Tygar goes on to warn people about the use of the technology by “people with less than honorable intentions”. Like members of the Bush Administration, for example? I wonder about the integrity of any scientist who conducts such research in an era when individual rights are being trampled upon. It reminds me of Solzhenitsyn’s novel The First Circle in which an imprisoned scientist earns his liberty by creating a device for tracing phone calls — which in turn leads to another man being imprisoned for the crime of warning a friend of his impending arrest. The new prisoner is given an old child’s bowl showing a cat watching a bird, the cat being the State and the little bird himself. The First Circle was one of three novels mentioned when Solzhenitsyn won the Nobel Prize and it was often cited in condemnation of the Soviet system.

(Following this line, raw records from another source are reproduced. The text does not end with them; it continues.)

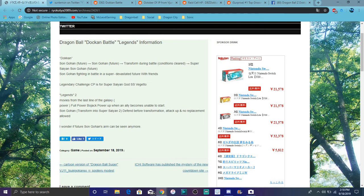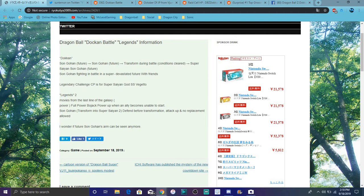We are finally getting a new Super Saiyan 2 Gohan from the Bojack movie. He transforms into Super Saiyan 2, or maybe he'll go straight to Super Saiyan 2 or start in Super Saiyan. We don't have any footage yet, just the announcements. If there's anything new that comes out, I will actually go over it.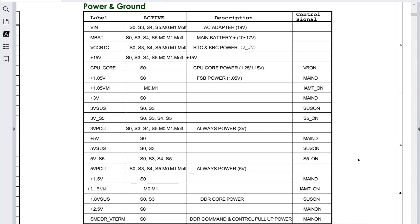Hello everyone, welcome. In this video we're going to study and analyze laptop power rails and signals. This is exclusive and unique content — please pay attention. I'm going to teach you about power rails within a computer or laptop. We're going to see the active states, the descriptions, and the control signals, as shown in this table.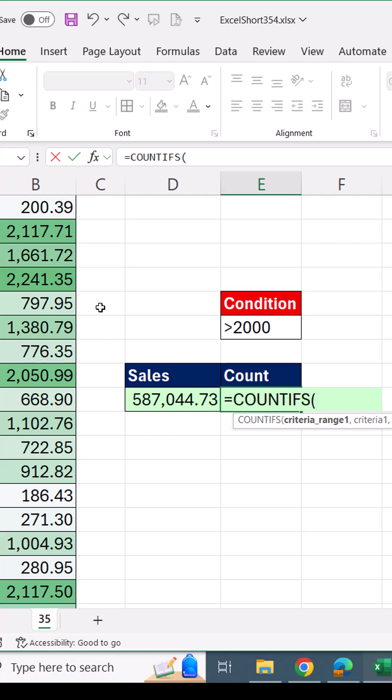But what if you're counting, not summing, and you have a condition? It's the same thing.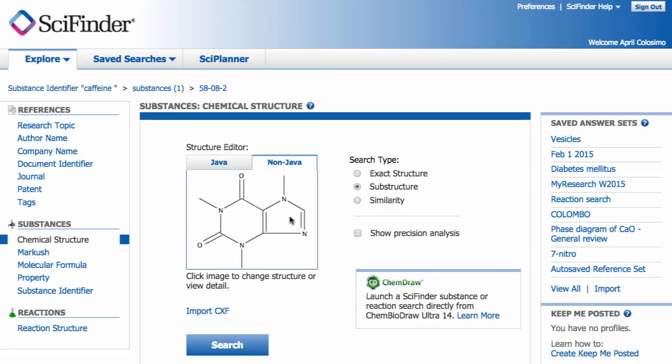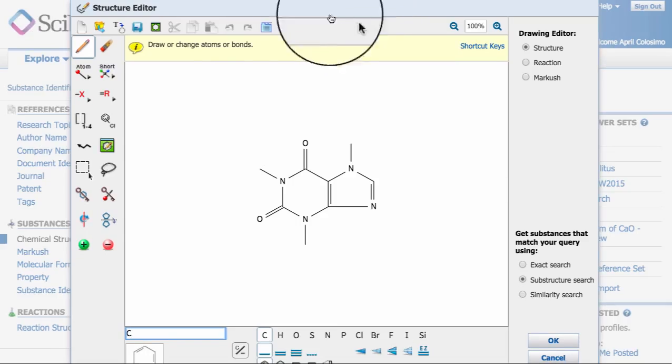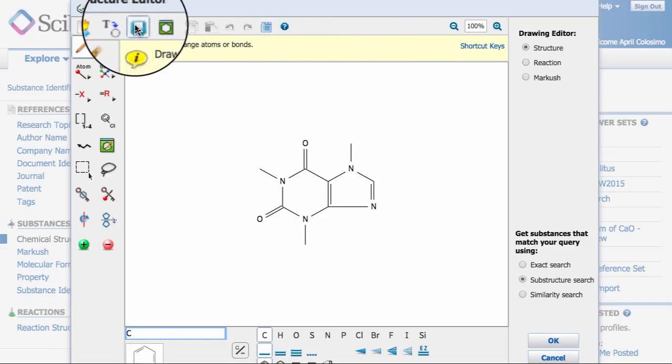Clicking on the image brings up the editor. One last step to export the structure is to click on this old image of a floppy disk.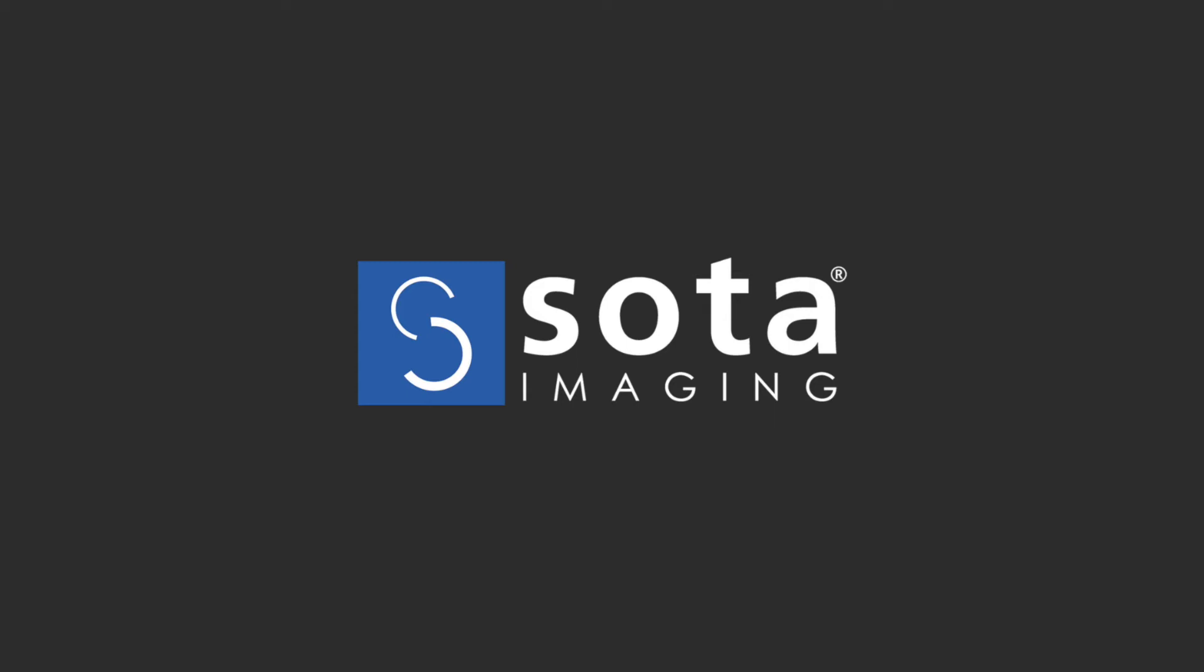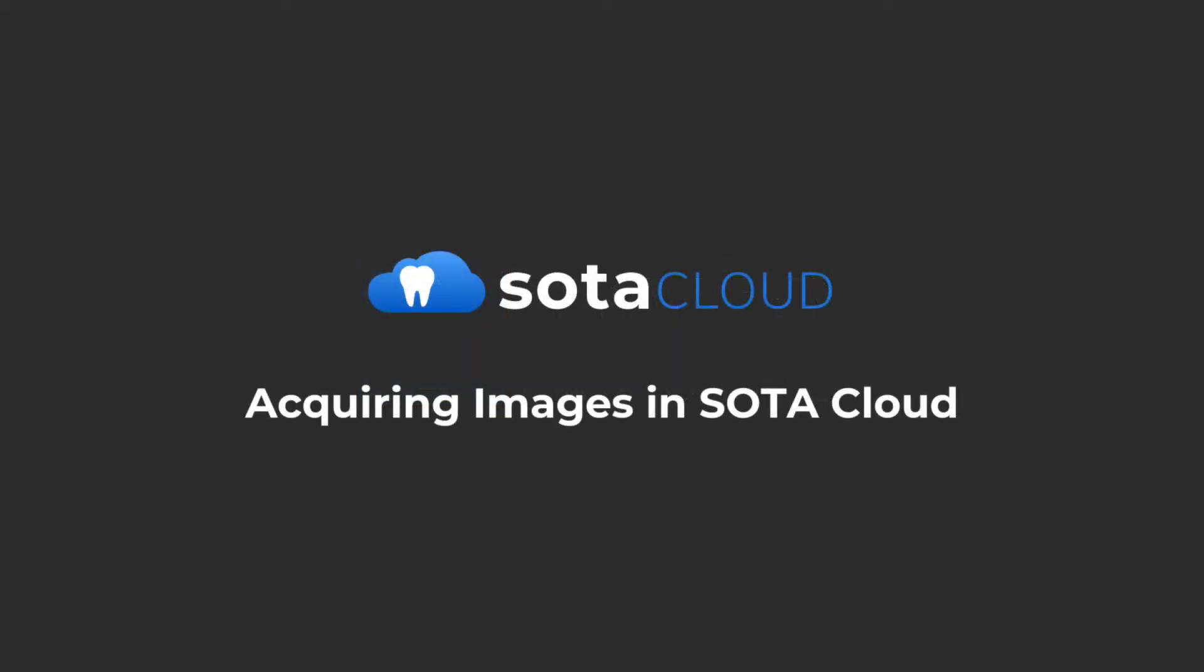Hi, my name is Dustin and I'm the Director of Engineering at Soda Imaging. Today I'm going to demonstrate how to take an exam in Soda Cloud.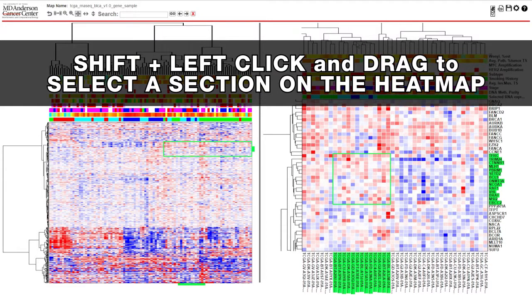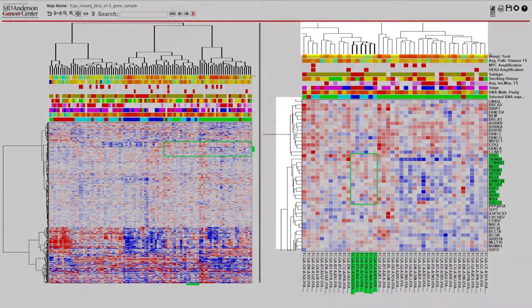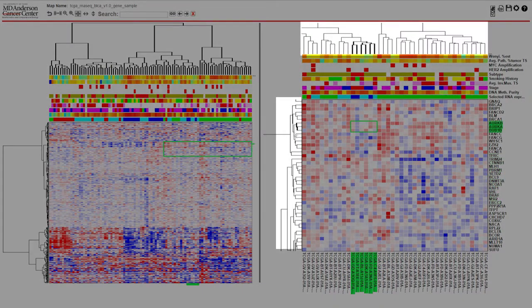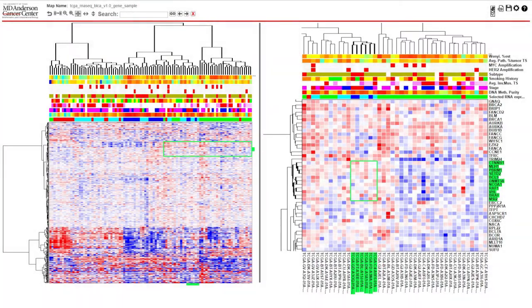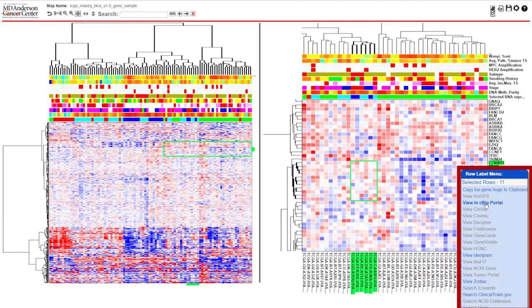You also have the ability to use the dendrogram columns or rows by clicking on the hierarchy there. With a group selected, operations like link outs can be performed on those rows, columns, or matrices. Right-click on the label name to get the link out option box to appear, then left-click on which tool you would like to view the selection with.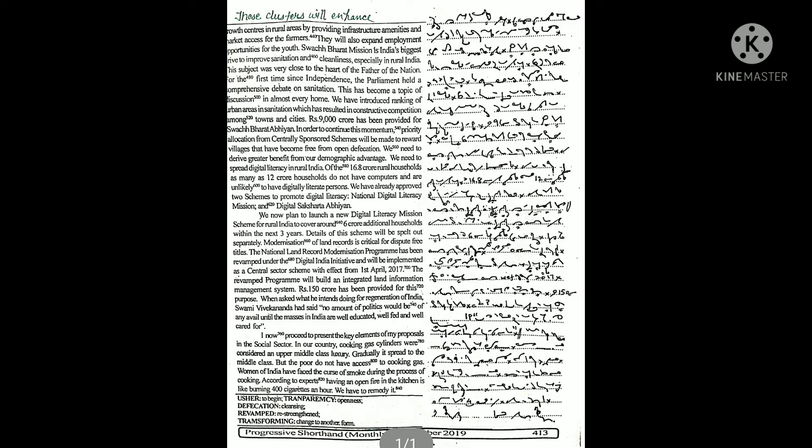Details of this scheme will be spelled out separately. Modernization of land records is critical for dispute-free titles. The National Land Record Modernization Program has been revamped under the Digital India.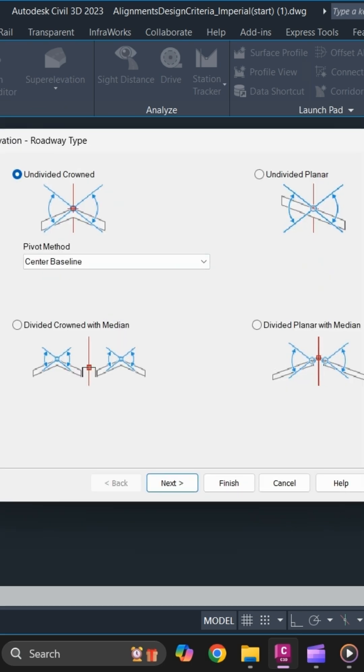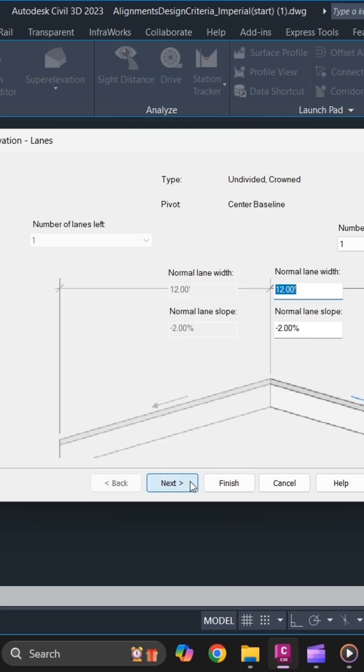Once you have selected it, it will ask you to specify the type of roadway that you are using. Select the type that you are using simply and click on next. Specify the number of lanes that you are using.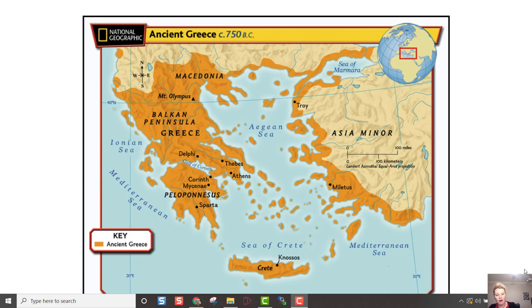Number five: why was slavery important in Athens? It's covered in what we just read. Number six: how did the roles of Athenian men and women differ? Go back to pages 86 and 87. Number seven: why was the Delian League created? That's coming up next.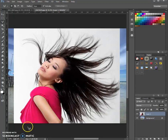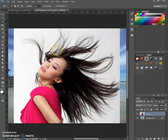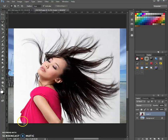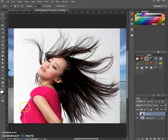The next step, after you have combined both images into one file, what you need to do is you need to select only the image of the lady and to discard the white background.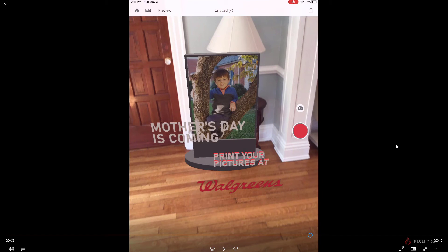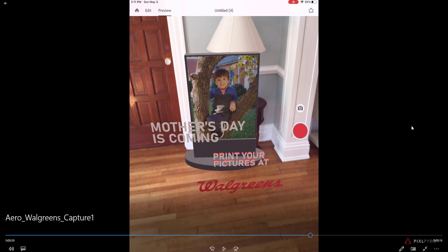I'm going to be using Adobe Dimension for the 3D files instead of Cinema 4D, just to give you a taste of what Adobe Dimension can do and how easy it is to create 3D assets to be dropped into Aero. And so with that, we're going to start with Adobe Dimension.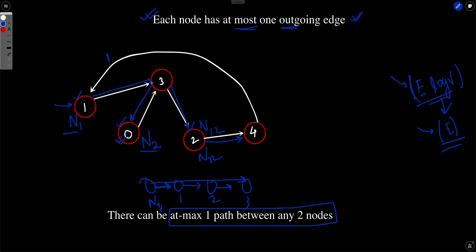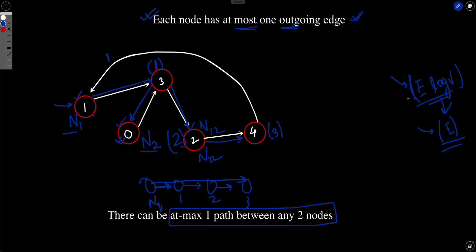After finding the distance from N1 using DFS, you do the same thing for N2. Finally, for each node, if either N1 or N2 cannot reach it, you skip it. Otherwise you take the maximum of the two distances as the value at that node. If that maximum distance is less than the current known minimum, you update the answer index. This gives you the node with the minimum value.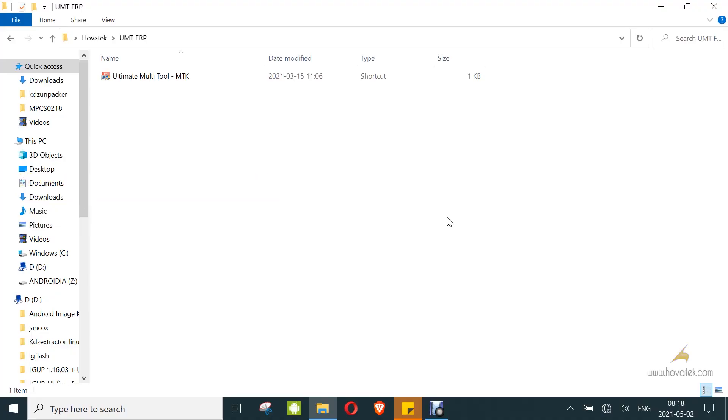In this video tutorial, I've been explaining how to bypass Factory Reset Protection or FRP on a MediaTek Android device using the UMT MTK module.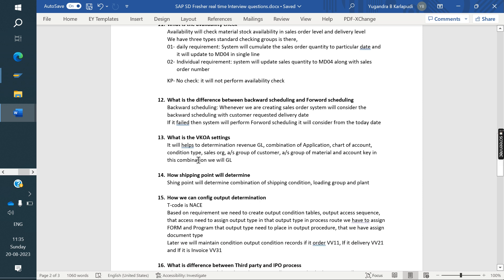What is account key (VK)? The account key setting helps to determine the revenue GL account. The GL is assigned using the combination of application, chart of accounts, condition type, sales organization, account assignment group of material, account assignment group of customer, and account key.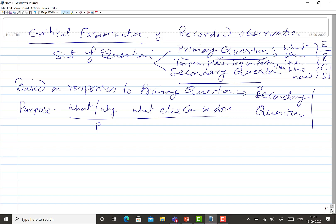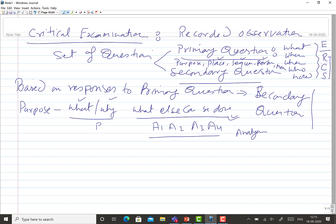If the purpose is justified — if you find what is being done and why it is being done is justified — then we will look for alternatives and options. Say we get four alternatives A1, A2, A3, and A4; then how to zero down on a particular option requires some kind of analysis. What else can be done and based on the analysis we have to zero down on a particular option.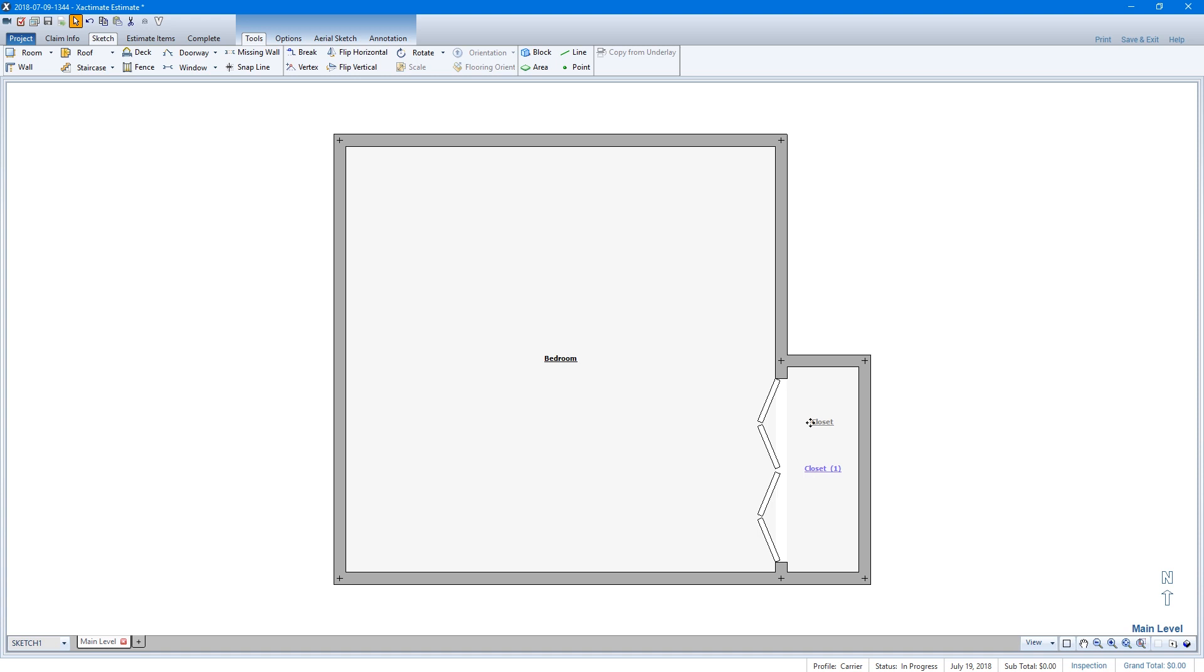You can also rotate the label as well. While still holding the mouse button down, press the Tab key to rotate the label clockwise, or Shift-Tab to rotate the label counterclockwise.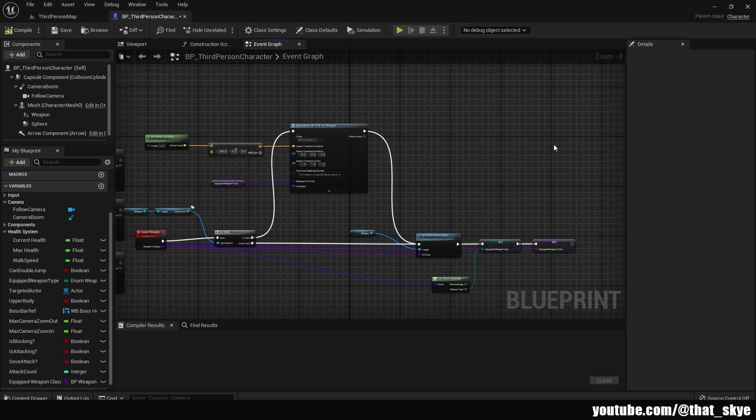And the way we are going to do this is we are just simply going to comment our code. This is a really common practice in regular coding when it's text-based. So why not do it in blueprint-based coding as well?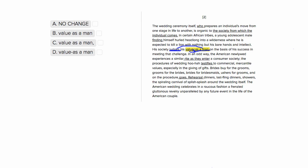So let's look at our answer choices. With choice one, we had a comma here, so 'his value, comma, as a man on the basis of his success.' But this is no good because we want 'value as a man' as our entire object, but we don't want to just say they're judging his value and then have this 'as a man' just floating around here. So choice one is not going to be good.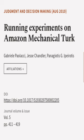This article was authored by Gabrielle Pailaxai, Jesse Chandler, and Panayotis G. Epirotis.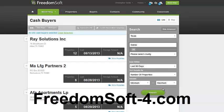That's all I have for you in this quick video where I showed you how you can do market research in targeted areas using FreedomSoft. Remember, go to freedomsoft-4.com to get your free trial. My name is Christopher Seder, and that's all I have for you today. Thank you very much.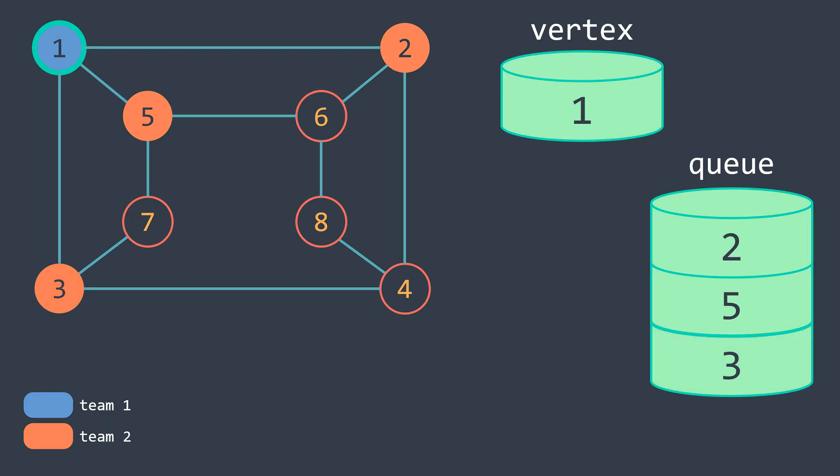And we insert in the queue, a queue because we are performing a breadth first traversal. Check my video on breadth first search if you don't know how it works.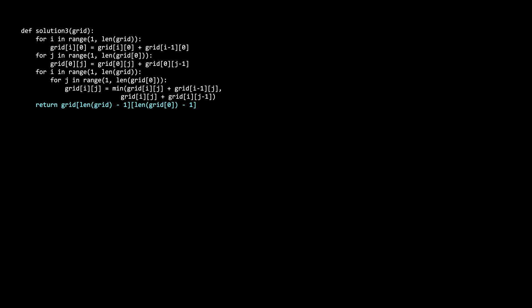The time complexity of the solution is O of n*m for the outer and inner for loop, which fills out the subproblems. For space, in this version of the solution, I am reusing the provided grid, so there's no extra space. However, your interviewer might not allow this. Your interviewer might say that the grid is a const variable, and in that case, you would want to make a separate DP table to store the answers. That would cost O of n times m.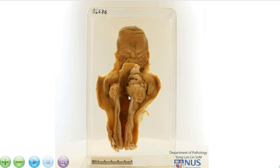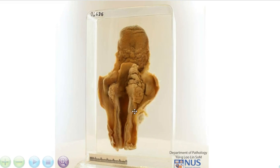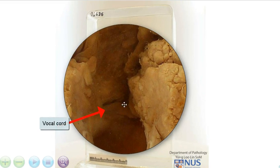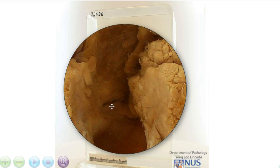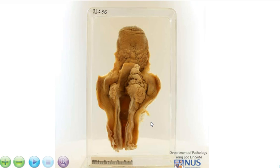So the tumours that involve the actual true vocal cords, which you can just about make out here — it's difficult to tell where this tumour started because it's so large now — but the tumours that start off at the true vocal cords will usually present a little bit earlier because the patient will experience hoarseness.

In those days, we thought the loss of human rights could not happen here. We had the recent legacy of the Warren Court to assure ourselves that no erroristic and oppressive creeps such as the ones who misgovern us now could invade our privacy. America’s liberals and moderates slept while neoconservatives undid the fabric of liberty with tweezers. If you said anything about their rending, you were laughed off as a paranoid. Then came the Age of Gizmoism and researchers such as Tygar and Li invented new spy devices not for any common good, but just to see if they could do it.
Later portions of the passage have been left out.